Labyrinthe stellen potente Symbole in vielen Kulturen dar und das seit Jahrtausenden. Strukturen, die auf den Symbolwert des Labyrinths hinweisen, finden sich in diversen Weltgegenden wie Brasilien, Arizona, Island, in Afrika, Indien, auf Sumatra und über ganz Europa verstreut. Chronologisch lassen sich Darstellungen bis 4000 Jahre zurückverfolgen. Für die westliche Imagination spielte mit Sicherheit der Mythos des Minotaurus und das Labyrinth von Knossos, welches König Minos errichten ließ, eine herausragende Rolle. Es beflügelte nicht nur die Phantasie der nachfolgenden Jahrhunderte/Jahrtausende von der griechischen Antike bis hin zur Römerzeit, sondern legte die Fundamente für eine Reihe symbolträchtiger Auslegungen in der Christlichen Tradition bis hin zu psychologischen Deutungsmustern in der Moderne. Lassen sich in der frühen Antike bereits die Grundthemen des Männlichen und des Weiblichen und ihrer teils feindlichen, teils kollaborierenden Dimension im Mythos aufspüren, so verinnerlicht das Christentum vor allem des Mittelalters das Labyrinth als den einen, wahren Pfad zur christlichen Erlösung.
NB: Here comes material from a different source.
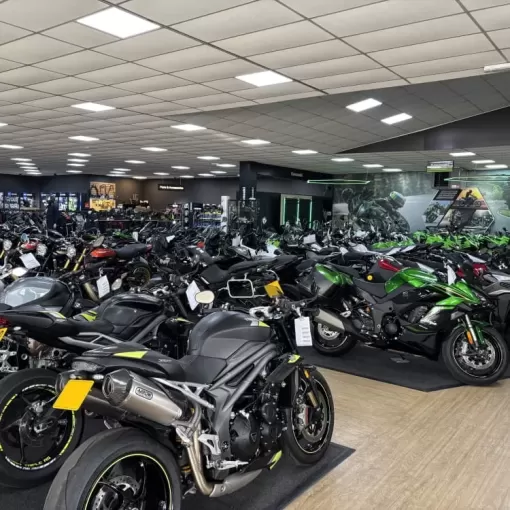 orwell-mc-showroom-august-2026-1.jpg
Ein Pfad voller Wirren und irreführender Abwege, der jedoch trotz seiner –für den unkundigen Menschen- Unübersichtlichkeit einer verborgenen Ordnung folgt und eines ganz sicher aufweist: einen Eingang/Anfang und ein Zentrum. Doch es gibt noch einen weiteren Aspekt, auf den hier einzugehen von größter Bedeutung ist: die Begehung des Labyrinths besteht nicht nur aus dem Willensakt, sich auf einen ungewissen Weg zu machen, voller Gefahren und Täuschungen; er besteht vor allem darin, dass man, im Zentrum angekommen, nun wieder zum Ausgang gelangen muss. Gewissermaßen handelt es sich um eine einmalige Pendelbewegung, bei der das Pendel einmal ausschlägt, sein Ziel erreicht und beim Zurückschwingen an seinen Ausgangspunkt gelangt – und es doch nicht tut: Der Mensch, der einmal das Zentrum erreicht hat und es dann wieder zurück geschafft hat, ist unweigerlich transformiert.
Die Wissenschaft und insbesondere die Physiologie des Menschen nennt den Teil des inneren Ohres Labyrinth, der für das Gleichgewicht des Menschen sorgt. Damit der Mensch seine aufrechte Haltung einnehmen kann, die ihn so distinktiv von allen Lebewesen unterscheidet, muss er „in sich hinein horchen“. Ein innerer Kompass lässt ihn den Kopf emporheben und hindert ihn am Straucheln. Diesen Sinn für das Gleichgewicht, diesen „inneren Kompass“, der dem Menschen auf seiner Entdeckungsreise dient, gilt es in der Tanzperformance zu erforschen.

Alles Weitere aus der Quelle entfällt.